DuckDB NIF - An erlang library for accessing DuckDB databases

The last couple of weeks I have been working on a NIF interface for DuckDB. The library has some rough edges, no documentation, but it is starring to work pretty nicely.

DuckDB is an in-process SQL OLAP database management system (https://duckdb.org). It looked like a nice addition to have, and I was interested to see how their c-api with the appender interface would work out for adding bulk stats data. I compared it to ets and the normal prepared statement interface they have and was pleasantly surprised.

Inserting 100_000 records with 10 integers in ets and retrieve them (with tab2list)

> educkdb_bench:ets().
100_000 inserts took: 37.13 milliseconds
Select of 100000 rows took: 12.32 milliseconds

Inserting 100_000 records with 10 integers in an in memory duckdb database and retrieve them (with new extract api)

2> educkdb_bench:appender().
100_000 inserts took: 43.119 milliseconds
Select of 98 chunks and 100000 rows took: 14.553 milliseconds

Compared to in-memory duckdb with a normal prepared statement interface.

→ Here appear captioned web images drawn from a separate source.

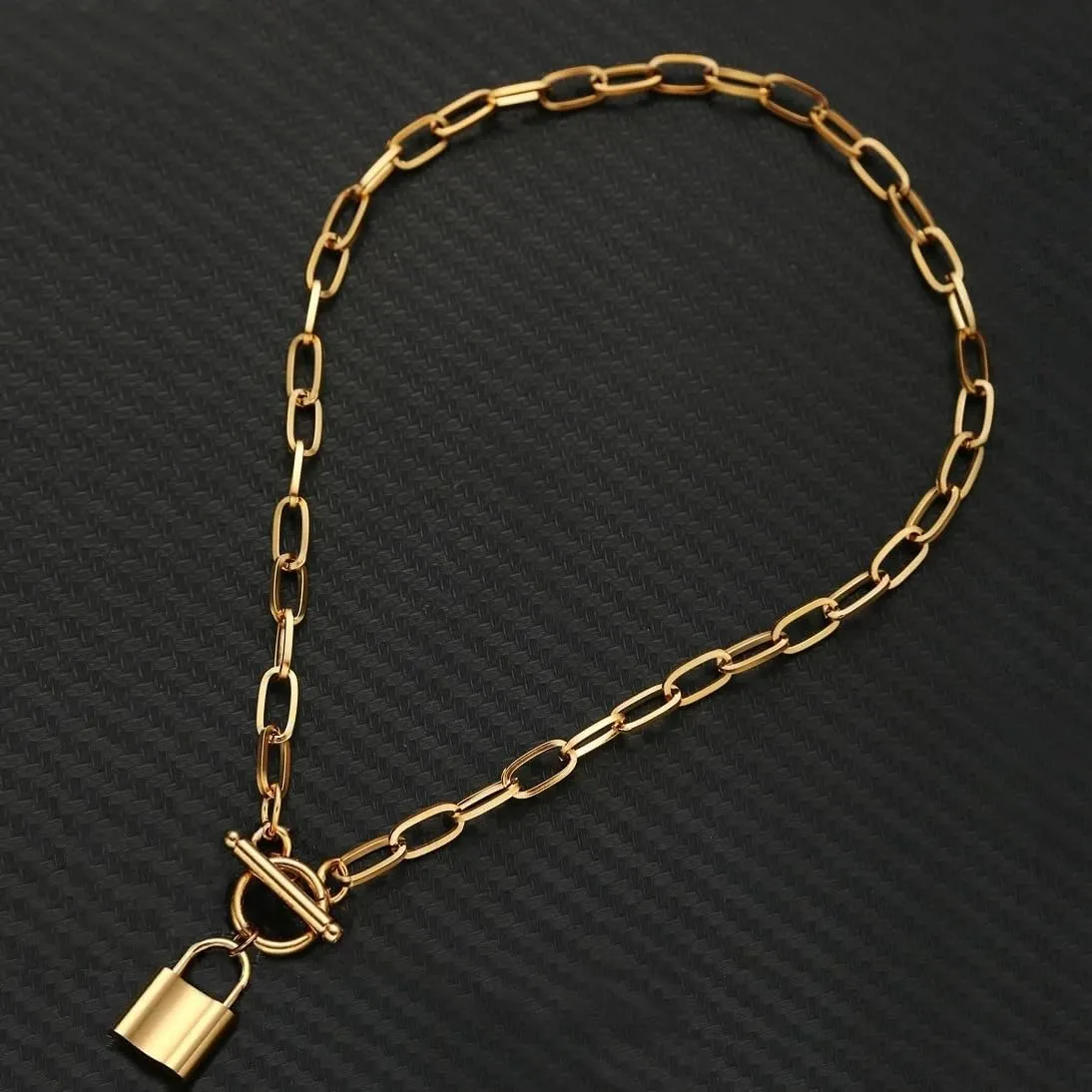 925 Sterling Silver Coin Toggle Necklace For Women, 14K Filled Gold Toggle Paperclip Chain Padlock Pendant Necklace - Lock And Key, Heart, Coin Chain Pendant Necklace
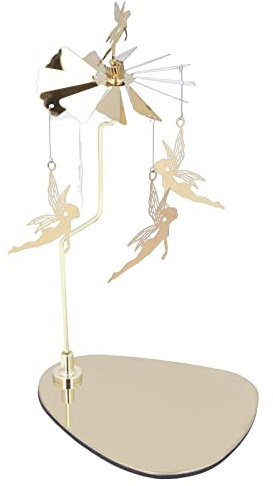 Kerzenhalter Rundes Drehbares Kerzenhalter-Tablett Romantischer Aromatherapie-Kerzenhalter aus Edelstahl Im Europäischen Stil (Goldene kleine Zauberfee (ohne Kerzenbecher))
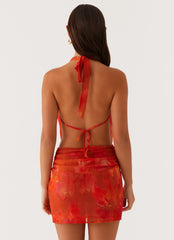 Minivestido de gasa Elysia - Ámbar
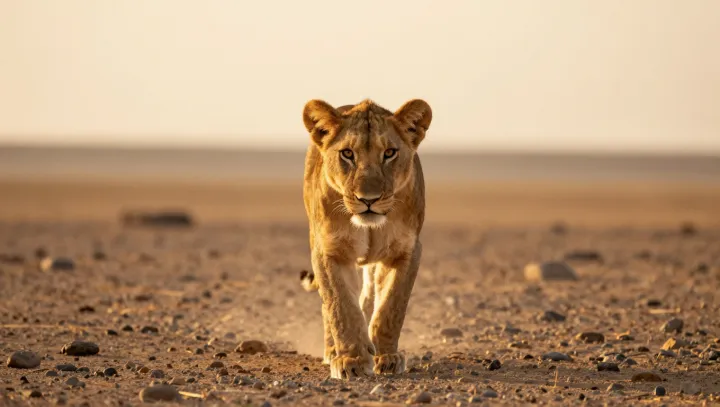 The quiet strategy in a lion cub’s awkward walk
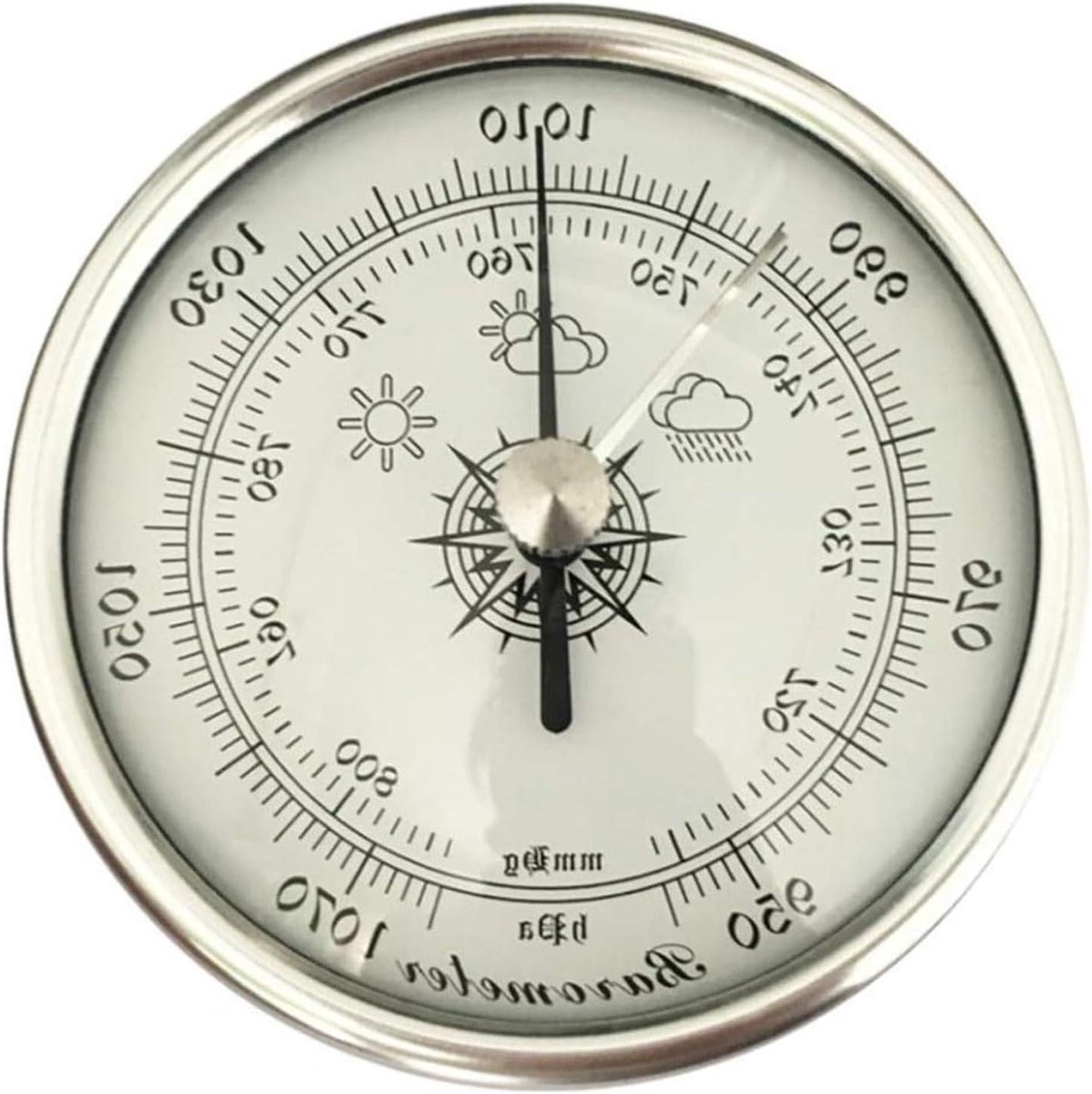 Analoge barometer, analoge aneroïde barometer Diameter ronde visbarometer met PE-rubber 72 mm
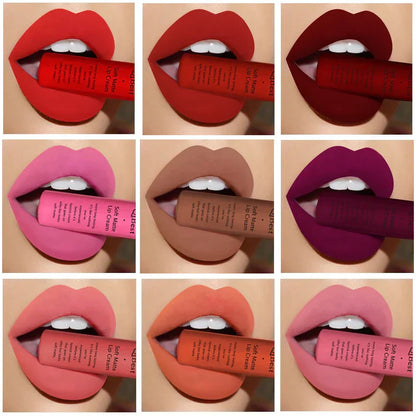 Rossetto liquido impermeabile opaco a lunga durata in vari colori vibranti per trucco professionale e quotidiano.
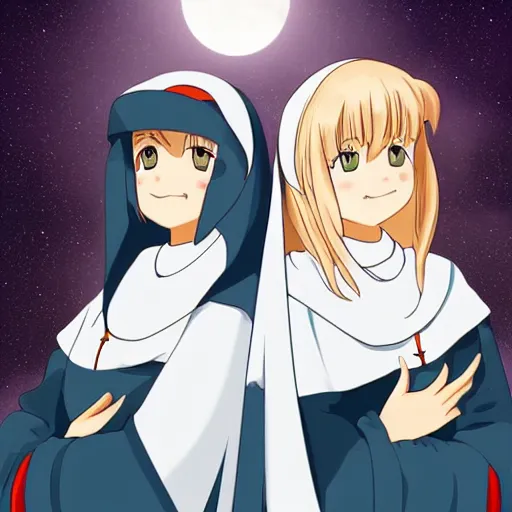 Prompt: two identical beautiful female nuns under clear night sky, detailed anime art, upscaled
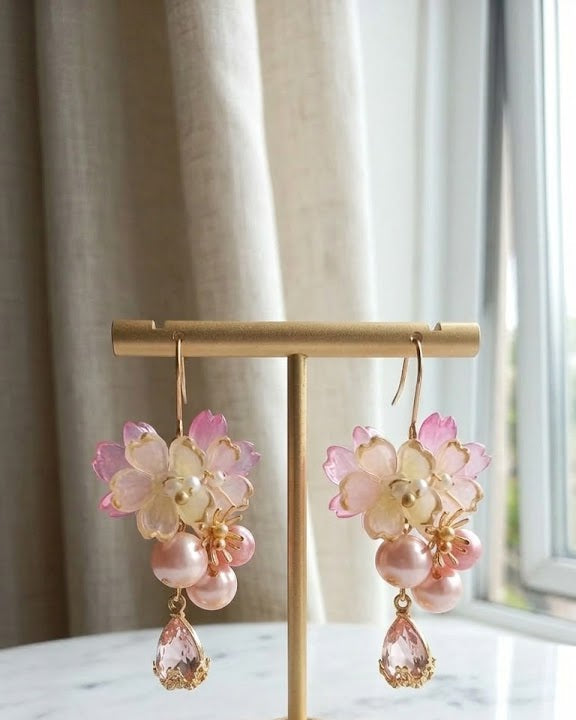 Acrylic Sakura Blossom earrings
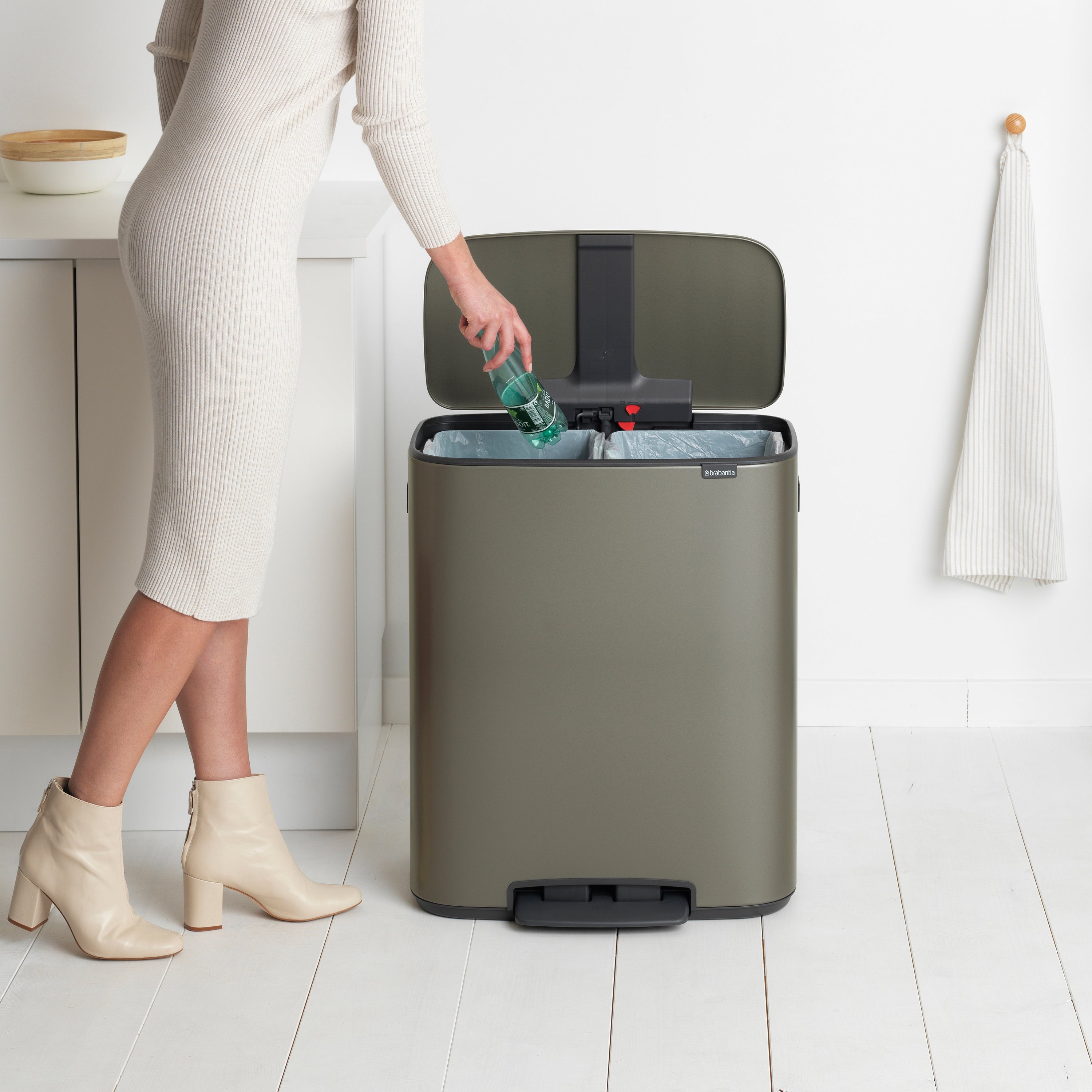 Brabantia Bo Pedaalemmer 2 x 30 L - Platinum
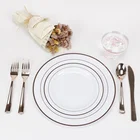 Hot Selling White Rose Gold Disposable Plastic Plates for Parties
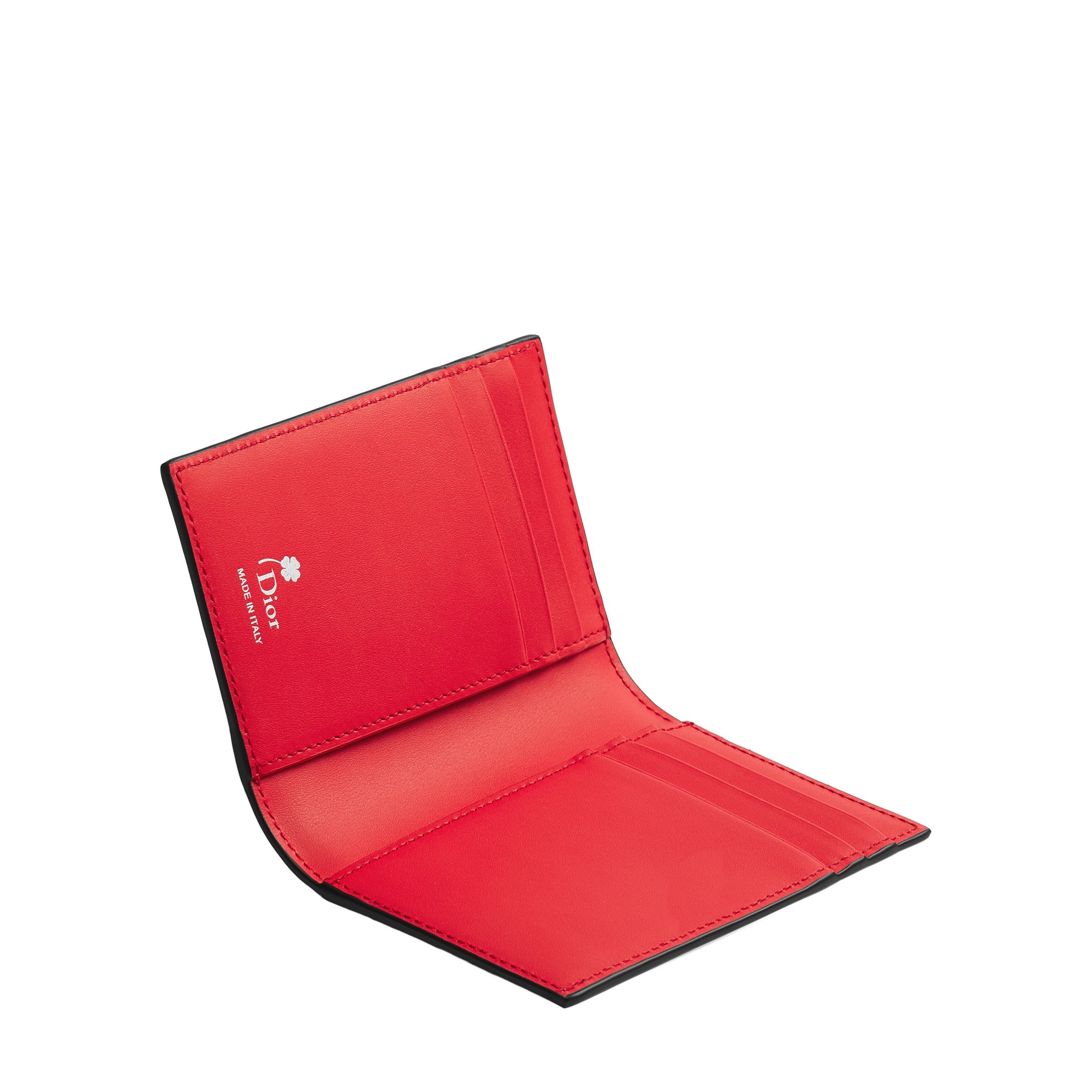 Bifold Card Holder Black, White and Red Book Cover Embossed Calfskin E06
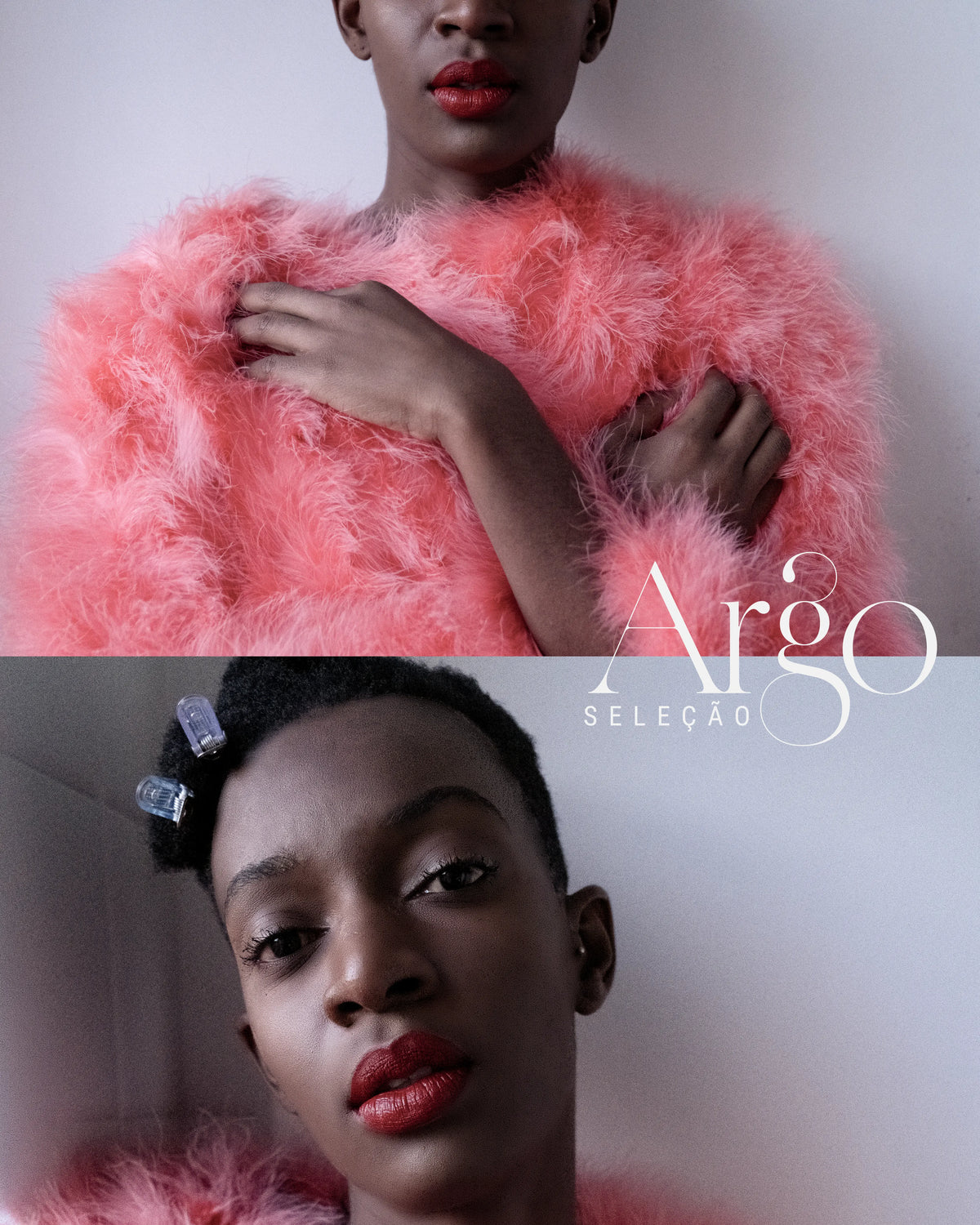 Argo Seleção: modelos com casaco de pelúcia rosa e batom vermelho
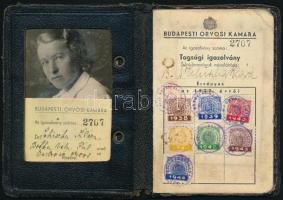 1938 Orvosnő kamarai igazolványa bélyegekkel.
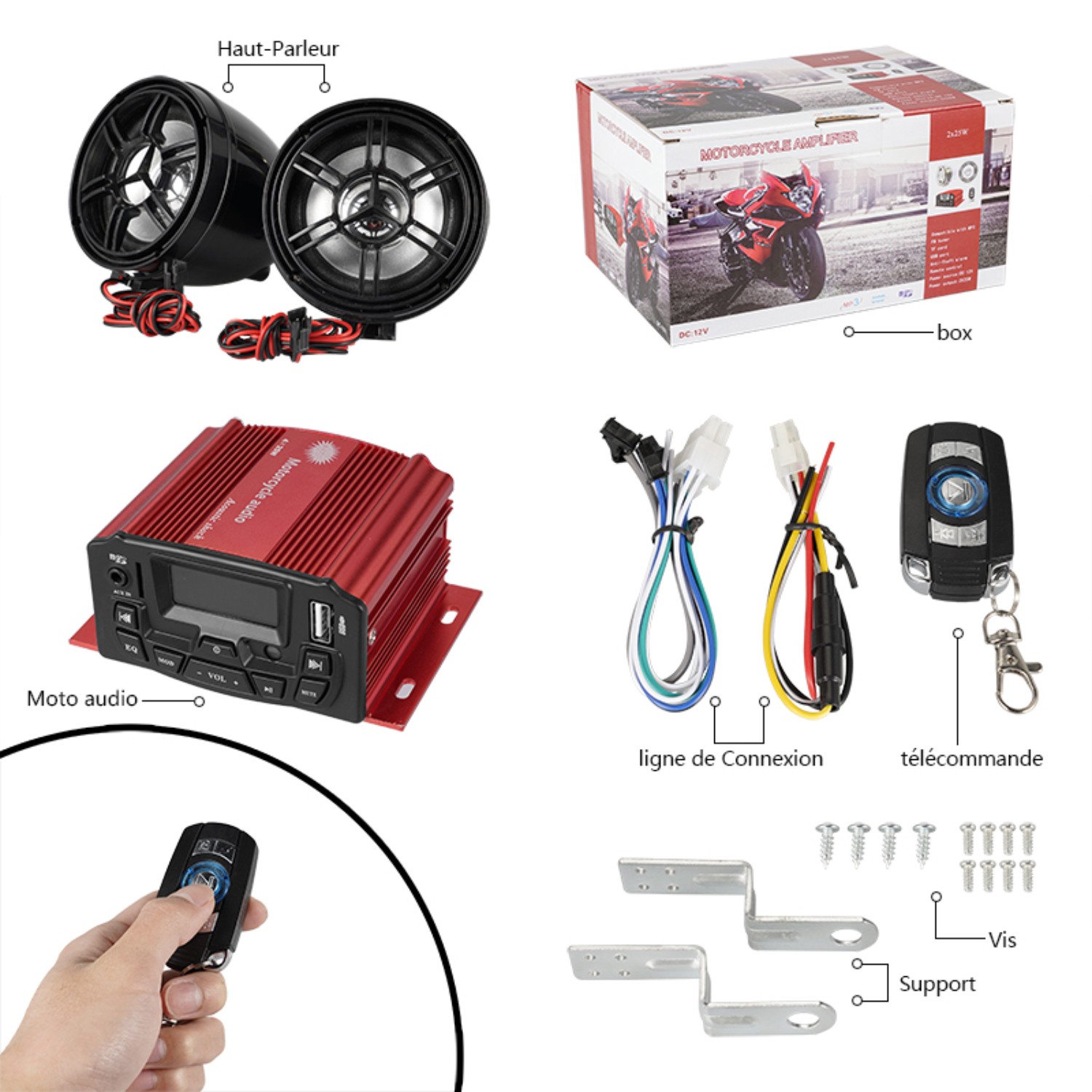 Bluetooth Motorcycle Audio Speakers Kit 4 Wheeler Stereo ATV AUX System FM Radio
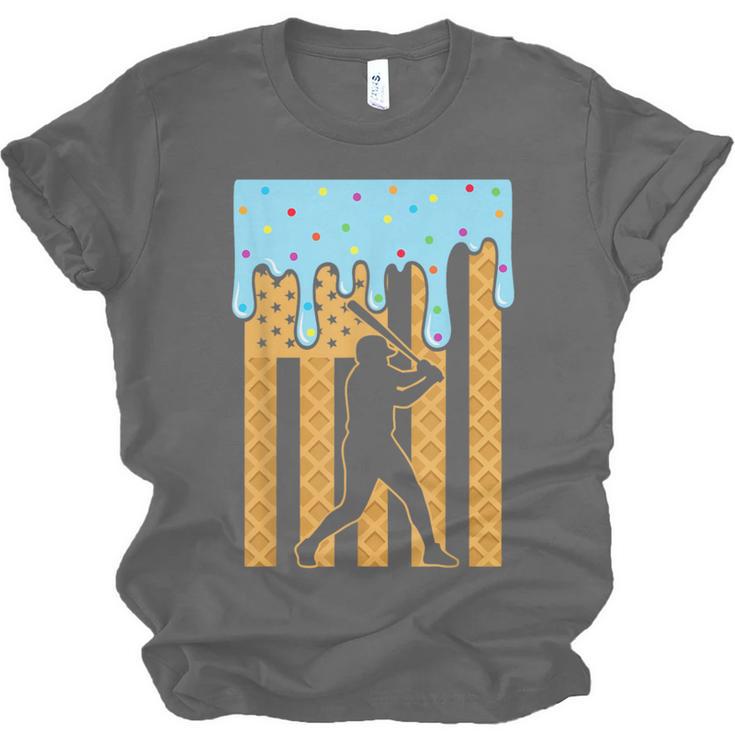 Baseball Drip Dripping Ice Cream Sport Player American Flag Unisex Jersey T-Shirt Baseball Drip Dripping Ice Cream Sport Player American Flag Unisex Jersey T-Shirt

3> educkdb_bench:main().    
100_000 inserts took: 3870.924 milliseconds
Select of 98 chunks and 100000 rows took: 53.696 milliseconds

At the moment all simple data-types, like various integers, timestamps, varchars and blobs can be extracted. At the moment I’m working on extracting complex data types like lists, structs and maps.

9 Likes

Oh duh… the GitHub repository is here: GitHub - mmzeeman/educkdb: DuckDB NIF for Erlang. There is also a hex package: educkdb | Hex

3 Likes

I have just recently been looking at DuckDB for some use cases and was very happy to find your project. At least one or two of those hex downloads are me :slight_smile:. I’m primarily interested in using it to interact with parquet files, however I didn’t have any luck loading one using educkdb. Maybe the extension isn’t present? I also tried :educkdb.query(conn, "INSTALL parquet"), but there appears to be an issue with duckdb’s hosting of extensions. Have you seen similar or do parquet files work out of the box? Any luck with the https extension?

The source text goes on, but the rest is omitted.